_TASK GOAL_: From the first line down to the line containing "We can use predefined", print the records below exactly, leaving every picture out.

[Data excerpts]
__________

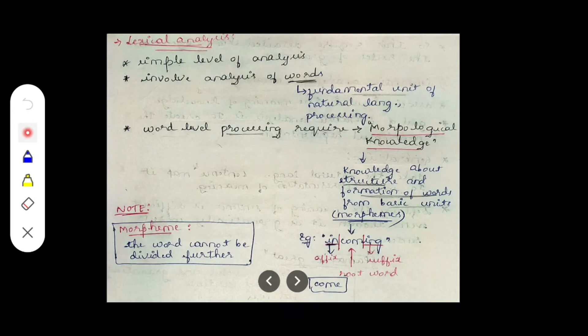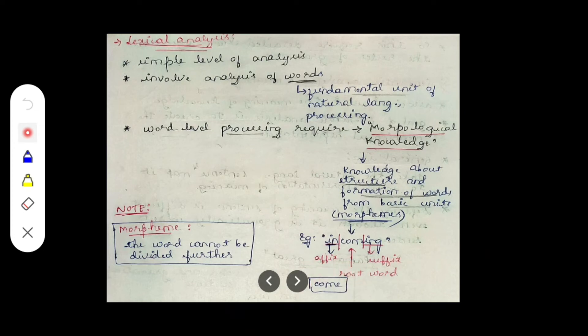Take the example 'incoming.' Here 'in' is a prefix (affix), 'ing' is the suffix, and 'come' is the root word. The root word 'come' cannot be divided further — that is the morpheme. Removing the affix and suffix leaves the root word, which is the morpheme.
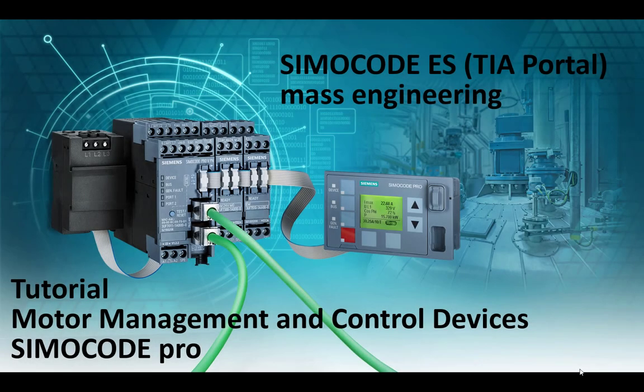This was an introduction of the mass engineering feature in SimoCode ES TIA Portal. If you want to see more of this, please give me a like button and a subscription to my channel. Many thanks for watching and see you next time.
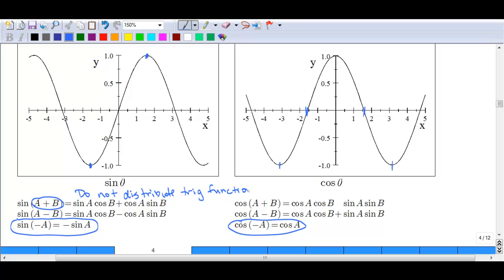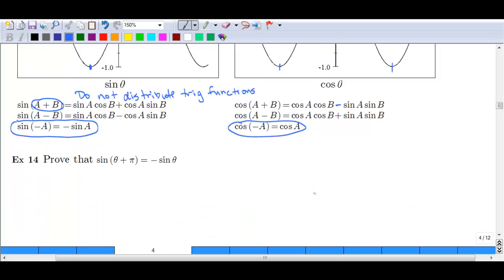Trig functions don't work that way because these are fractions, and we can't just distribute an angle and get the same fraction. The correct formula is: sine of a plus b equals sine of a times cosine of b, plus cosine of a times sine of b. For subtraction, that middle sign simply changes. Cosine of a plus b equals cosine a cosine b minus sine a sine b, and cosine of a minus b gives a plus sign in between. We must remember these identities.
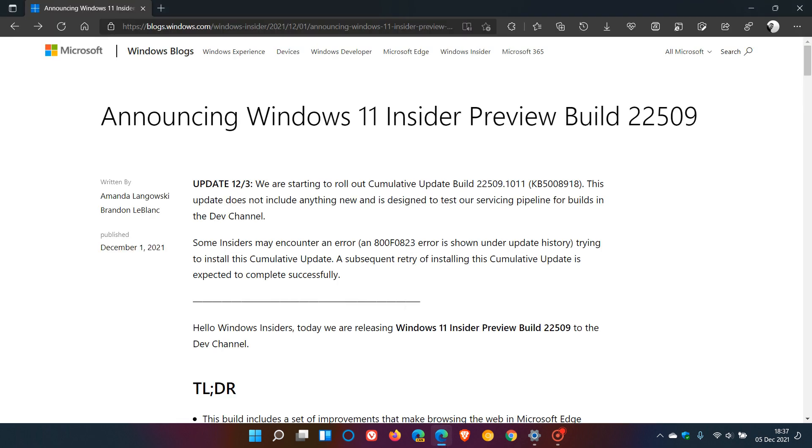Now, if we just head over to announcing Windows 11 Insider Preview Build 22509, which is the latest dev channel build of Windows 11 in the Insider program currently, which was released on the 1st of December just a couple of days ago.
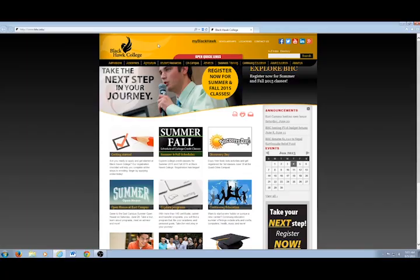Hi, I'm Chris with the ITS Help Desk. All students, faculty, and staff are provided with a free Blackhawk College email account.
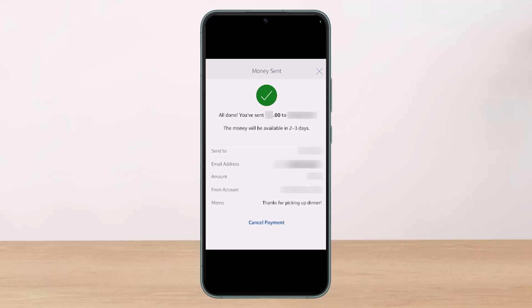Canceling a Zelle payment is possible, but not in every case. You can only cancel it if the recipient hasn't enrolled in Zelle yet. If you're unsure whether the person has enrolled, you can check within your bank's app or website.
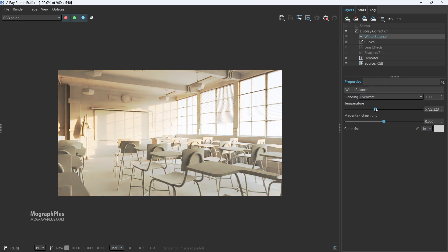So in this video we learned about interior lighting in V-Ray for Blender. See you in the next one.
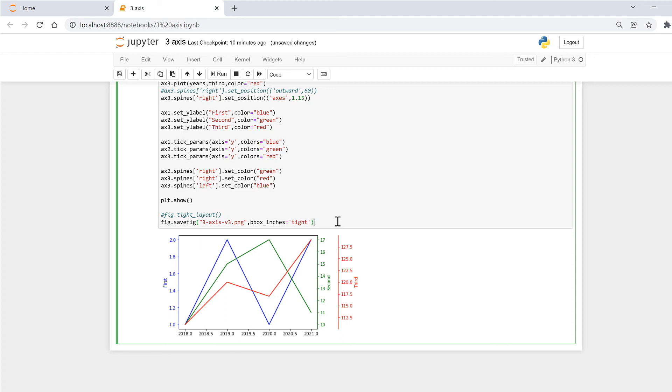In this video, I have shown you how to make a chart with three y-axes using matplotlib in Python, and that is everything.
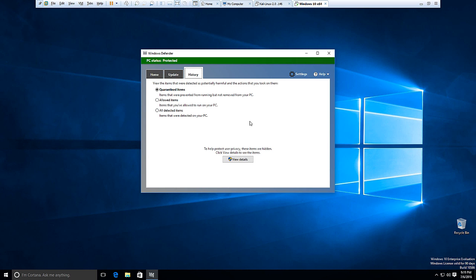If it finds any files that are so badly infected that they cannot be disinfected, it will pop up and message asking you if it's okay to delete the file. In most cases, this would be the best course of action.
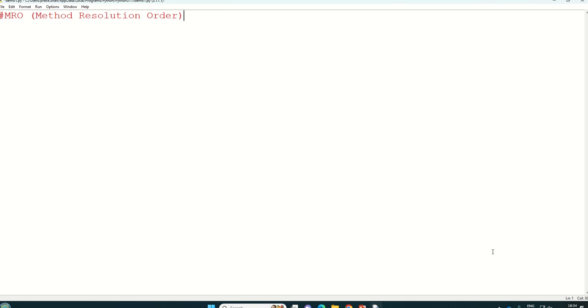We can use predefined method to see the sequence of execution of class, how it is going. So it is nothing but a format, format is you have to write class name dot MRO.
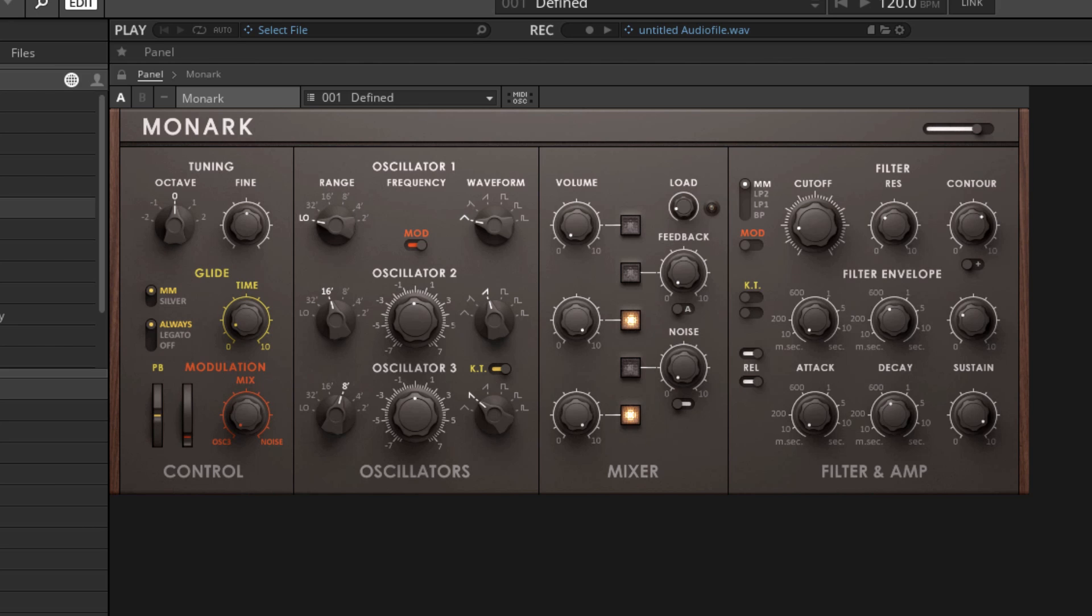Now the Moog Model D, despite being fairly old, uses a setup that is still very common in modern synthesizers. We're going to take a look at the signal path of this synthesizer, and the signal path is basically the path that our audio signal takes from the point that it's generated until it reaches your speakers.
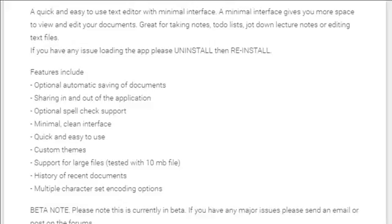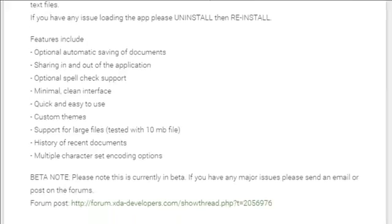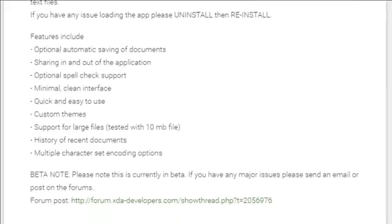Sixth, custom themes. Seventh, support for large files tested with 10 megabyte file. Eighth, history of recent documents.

__________

_EXERCISE ANSWER_:
Take the example 'incoming.' Here 'in' is a prefix (affix), 'ing' is the suffix, and 'come' is the root word. The root word 'come' cannot be divided further — that is the morpheme. Removing the affix and suffix leaves the root word, which is the morpheme.
This was an introduction of the mass engineering feature in SimoCode ES TIA Portal. If you want to see more of this, please give me a like button and a subscription to my channel. Many thanks for watching and see you next time.
Trig functions don't work that way because these are fractions, and we can't just distribute an angle and get the same fraction. The correct formula is: sine of a plus b equals sine of a times cosine of b, plus cosine of a times sine of b. For subtraction, that middle sign simply changes. Cosine of a plus b equals cosine a cosine b minus sine a sine b, and cosine of a minus b gives a plus sign in between. We must remember these identities.
Now, if we just head over to announcing Windows 11 Insider Preview Build 22509, which is the latest dev channel build of Windows 11 in the Insider program currently, which was released on the 1st of December just a couple of days ago.
Hi, I'm Chris with the ITS Help Desk. All students, faculty, and staff are provided with a free Blackhawk College email account.
Canceling a Zelle payment is possible, but not in every case. You can only cancel it if the recipient hasn't enrolled in Zelle yet. If you're unsure whether the person has enrolled, you can check within your bank's app or website.
So in this video we learned about interior lighting in V-Ray for Blender. See you in the next one.
In this video, I have shown you how to make a chart with three y-axes using matplotlib in Python, and that is everything.
If it finds any files that are so badly infected that they cannot be disinfected, it will pop up and message asking you if it's okay to delete the file. In most cases, this would be the best course of action.
We can use predefined method to see the sequence of execution of class, how it is going. So it is nothing but a format, format is you have to write class name dot MRO.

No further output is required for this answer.